Но, как и в случае с финансовыми пирамидами и обманутыми вкладчиками, государство не должно было оставаться в этих ситуациях в роли постороннего наблюдателя. Нельзя было доводить дело до того, чтобы обманутыми становились миллионы.

Я вспоминаю, как еще в 1989 году знаменитый экономист, нобелевский лауреат В. Леонтьев, говорил мне: "Вам предстоит провести приватизацию. Не имеет значения, какую форму приватизации вы изберете. Важна скорость ее проведения: чем быстрее - тем лучше.
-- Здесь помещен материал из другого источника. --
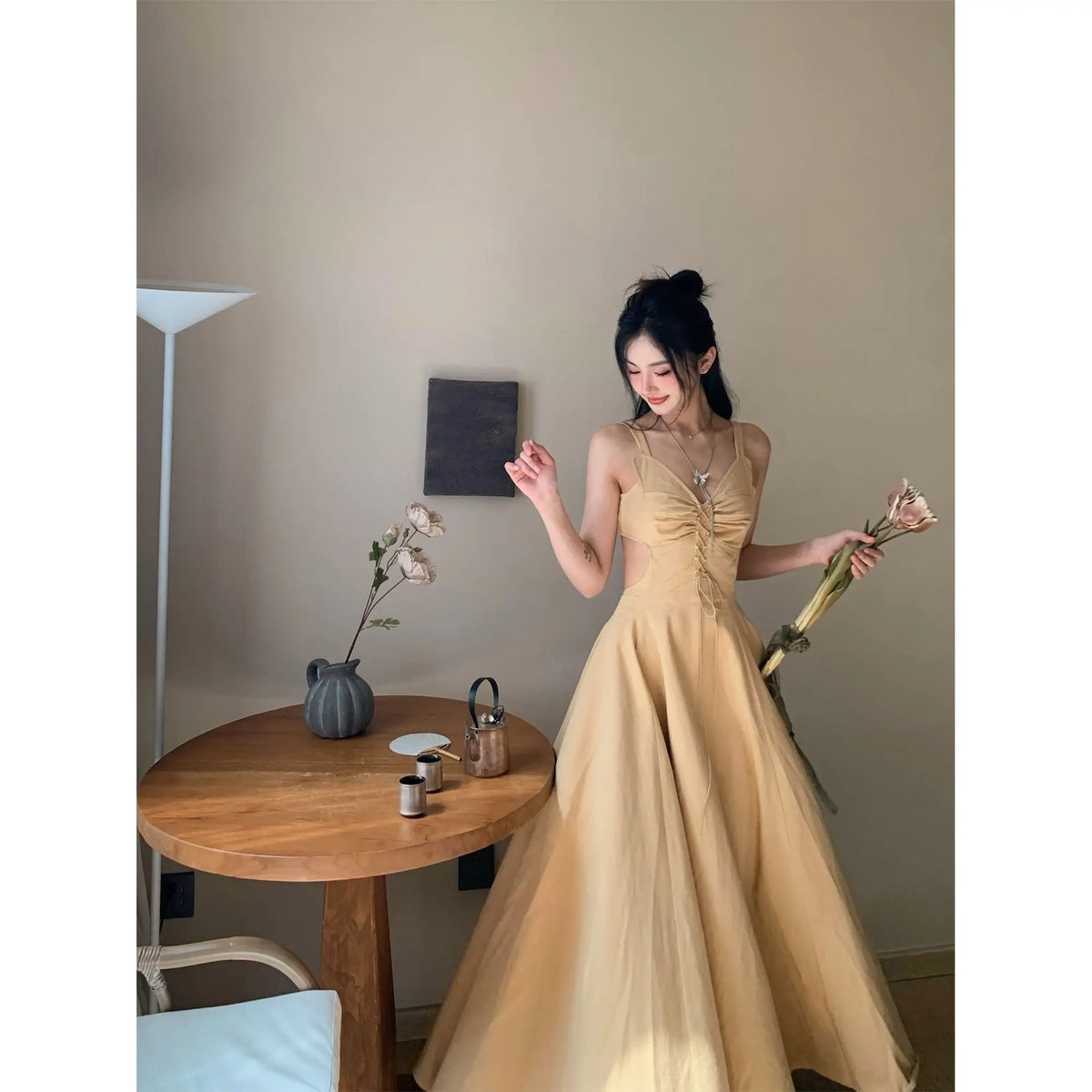 Women A-line Evening Dress Y2k Vintage Sleeveless One Piece Frocks Elegant Hollow Out Lace-up Luxury Long Dresses 2000s Clothes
Все равно через 5-7 лет собственность окажется в руках у тех, кто умеет ею управлять".

В России была выбрана ваучерная форма приватизации, утвержденная парламентом (еще Верховным Советом) и осуществленная по утвержденной им же программе приватизации государственной собственности. Президент формально к осуществлению этой акции отношения не имел: все происходило через парламент и правительство. Однако он мог вмешаться в этот процесс, не допустить наиболее очевидных просчетов (например, не торопиться с приватизацией наиболее доходных нефтяных и газовых компаний, а сначала избавиться от груза менее доходных либо вообще нерентабельных предприятий, которые и даром отдать было бы не жалко), а главное - принять меры по смягчению трудностей переходного периода.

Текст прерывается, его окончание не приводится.